Case ID: so2d_389/html/0688-01.html
Source: Caselaw Access Project
Author: {"author": "COWART, Judge.", "license": "Public Domain", "url": "https://static.case.law/"}
Date Created: 2024-08-24T03:29:51.129683

Valerie FLOYD, Appellant, v. The HOUSING AUTHORITY OF the CITY OF ORLANDO, Florida, Appellee.
    No. 79-506.
    District Court of Appeal of Florida, Fifth District.
    Oct. 29, 1980.
    James C. Hauser of Greater Orlando Area Legal Services, Inc., Orlando, for appellant.
    Marie P. Evans of Anderson & Rush, Orlando, for appellee.
   COWART, Judge.

Appellant and other tenants first appealed a partial summary judgment giving the appellee Housing Authority possession of leased premises. While that appeal was pending in this court the appealed judgment was stayed on the condition that the appellant pay her rent into the court registry. The appellant failed to pay as required and defended her failure on the ground that under her lease she was entitled to a rent reduction because of certain facts she considered a hardship. The trial court held against her contentions, vacated the stay order and entered a final judgment of eviction. This second appeal was taken from these later acts of the trial court.
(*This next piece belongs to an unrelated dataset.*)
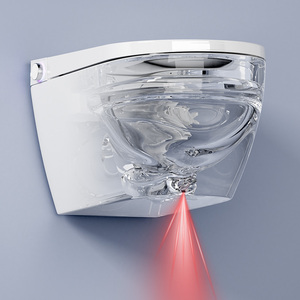 Nouveau design <span class=keywords><strong>de</strong></span> toilettes intelligentes automatiques suspendues au mur pour salle <span class=keywords><strong>de</strong></span> bains avec support en métal - Product Image 5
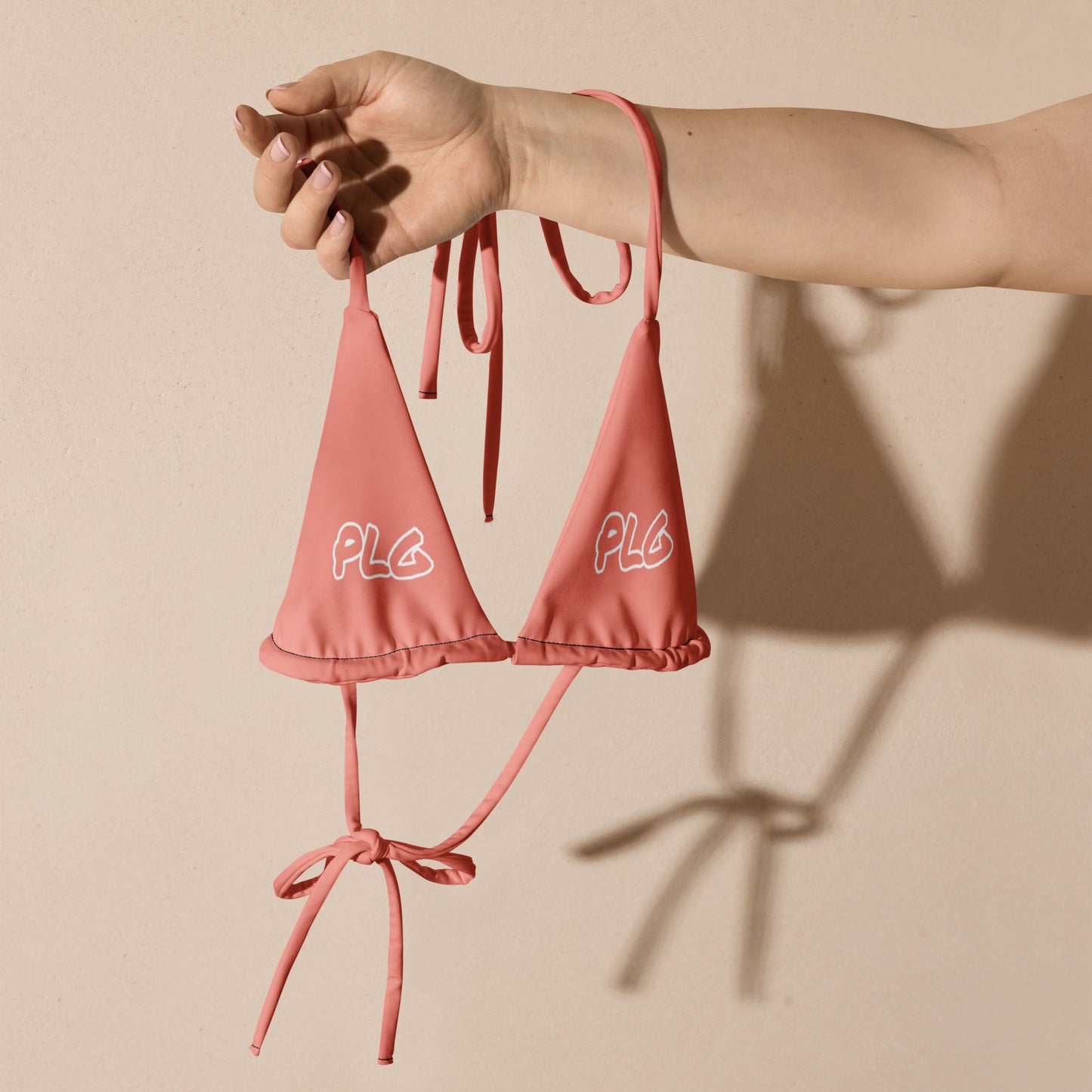 PLG (Pink) - String Bikini Top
In the meantime, this court has disposed of the first appeal by reversing the partial summary judgment and directing the eviction complaint be dismissed without prejudice. See Quinn v. Housing Authority of the City of Orlando, Florida, 385 So.2d 1167 (Fla. 5th DCA 1980).

The propriety of the trial court’s order vacating the order staying the Housing Authority’s right to possession pending the first appeal is now moot and because the final judgment of eviction is based on the defective eviction complaint and on the reversed partial summary judgment, it must also be

REVERSED.

DAUKSCH, C. J., and FRANK D. UP-CHURCH, Jr., J., concur.